La base della codificazione delle regole alimentari stabilite dalla Torah si trova nel concetto di kasherut, che significa “adeguatezza” e che indica la possibilità o meno di un cibo ad essere consumato da un ebreo osservante.

Pesach e chametz

Un lungo capitolo quindi meriterebbero le regole alle limitazioni per i cibi della Pasqua e per il pane azzimo che gode di una particolare attenzione in quanto, per tutta la durata della festa, è divieto assoluto assumere cibo lievitato.
La casa deve essere accuratamente pulita per togliere ogni sia pur minima traccia di cibi lievitati: tutta la famiglia verrà coinvolta nella ricerca di ogni singola briciola, che dovrà poi essere bruciata. Da qui alle pulizie di primavera il passo è davvero breve. Ma non si tratta solo di eccesso di virtù domestica: il lievito (chametz) è simbolicamente il “lievito negativo” ovvero la rabbia, l’orgoglio o il narcisismo che ognuno ha in sè.
In ogni casa poi non dovrebbero mancare dei servizi di stoviglie da usarsi solo per la Pasqua e, in mancanza, sarà necessario immergere i recipienti di metallo in un contenitore colmo d’acqua bollente resa tale grazie all’immersione di un ferro rovente. Così da essere davvero certi di aver eliminato ogni briciola di pane lievitato.
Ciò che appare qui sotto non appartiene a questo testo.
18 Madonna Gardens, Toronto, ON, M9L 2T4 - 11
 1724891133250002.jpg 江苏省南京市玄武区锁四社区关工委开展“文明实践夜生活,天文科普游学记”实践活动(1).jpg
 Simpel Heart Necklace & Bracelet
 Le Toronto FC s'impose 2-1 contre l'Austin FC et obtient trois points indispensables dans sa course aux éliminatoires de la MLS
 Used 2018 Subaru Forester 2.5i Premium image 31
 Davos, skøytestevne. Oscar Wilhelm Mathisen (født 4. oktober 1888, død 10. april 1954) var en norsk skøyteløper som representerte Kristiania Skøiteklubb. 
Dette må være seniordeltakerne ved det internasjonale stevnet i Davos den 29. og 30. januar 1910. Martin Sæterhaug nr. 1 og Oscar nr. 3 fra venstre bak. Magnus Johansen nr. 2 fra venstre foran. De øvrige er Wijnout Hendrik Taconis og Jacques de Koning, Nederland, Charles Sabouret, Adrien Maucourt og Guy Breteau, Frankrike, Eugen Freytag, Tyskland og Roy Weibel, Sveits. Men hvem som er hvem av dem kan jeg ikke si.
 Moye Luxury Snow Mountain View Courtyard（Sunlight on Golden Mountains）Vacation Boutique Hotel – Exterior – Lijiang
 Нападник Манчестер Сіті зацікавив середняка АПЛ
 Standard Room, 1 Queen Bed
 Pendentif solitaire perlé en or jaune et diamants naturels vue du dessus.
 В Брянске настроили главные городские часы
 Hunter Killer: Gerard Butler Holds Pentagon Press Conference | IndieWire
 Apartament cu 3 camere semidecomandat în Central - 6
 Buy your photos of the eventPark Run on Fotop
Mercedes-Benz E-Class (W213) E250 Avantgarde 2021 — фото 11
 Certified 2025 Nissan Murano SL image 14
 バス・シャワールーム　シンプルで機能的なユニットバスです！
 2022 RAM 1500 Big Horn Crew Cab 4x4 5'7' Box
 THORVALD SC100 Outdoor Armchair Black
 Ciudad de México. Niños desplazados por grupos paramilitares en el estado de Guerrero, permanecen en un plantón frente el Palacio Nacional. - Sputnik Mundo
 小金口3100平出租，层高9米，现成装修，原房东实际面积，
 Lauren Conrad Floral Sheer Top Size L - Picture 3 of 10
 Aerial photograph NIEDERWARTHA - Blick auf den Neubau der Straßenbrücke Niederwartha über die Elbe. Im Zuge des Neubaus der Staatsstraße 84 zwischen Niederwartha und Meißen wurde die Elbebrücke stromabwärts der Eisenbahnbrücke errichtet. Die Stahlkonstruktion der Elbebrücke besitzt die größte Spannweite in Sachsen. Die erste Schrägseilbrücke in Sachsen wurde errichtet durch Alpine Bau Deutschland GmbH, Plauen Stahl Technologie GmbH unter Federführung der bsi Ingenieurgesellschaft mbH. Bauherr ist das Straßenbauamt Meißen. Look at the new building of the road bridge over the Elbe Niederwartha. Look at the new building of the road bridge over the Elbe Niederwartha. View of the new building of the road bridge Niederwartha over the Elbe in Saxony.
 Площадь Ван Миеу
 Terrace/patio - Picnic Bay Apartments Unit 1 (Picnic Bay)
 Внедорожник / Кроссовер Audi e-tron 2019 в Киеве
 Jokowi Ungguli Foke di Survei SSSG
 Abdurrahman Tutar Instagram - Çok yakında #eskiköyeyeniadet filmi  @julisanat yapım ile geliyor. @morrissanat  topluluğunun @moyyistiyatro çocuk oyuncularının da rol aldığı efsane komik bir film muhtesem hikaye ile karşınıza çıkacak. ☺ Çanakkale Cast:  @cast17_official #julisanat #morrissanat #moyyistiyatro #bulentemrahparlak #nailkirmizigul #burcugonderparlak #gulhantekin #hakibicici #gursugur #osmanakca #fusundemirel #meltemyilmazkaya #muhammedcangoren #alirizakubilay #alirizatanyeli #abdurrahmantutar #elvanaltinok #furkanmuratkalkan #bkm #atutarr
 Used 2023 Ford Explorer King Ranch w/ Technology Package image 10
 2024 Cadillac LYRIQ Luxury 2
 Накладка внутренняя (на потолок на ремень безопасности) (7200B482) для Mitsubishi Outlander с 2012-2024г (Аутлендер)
Una curiosa particolarità: solo gli ebrei italiani e gli ebrei yemeniti hanno l’abitudine di usare in casa, durante la Pesach, farina di grano. Sarà comunque una farina kasherizzata che verrà usata secondo tutte le regole prescritte. Gli impasti, preparati solo con farina ed uova (senza acqua, quindi, in quanto è fondamentale per la lievitazione), verranno cotti immediatamente affinché non si inneschi il seppur minimo processo di fermentazione. 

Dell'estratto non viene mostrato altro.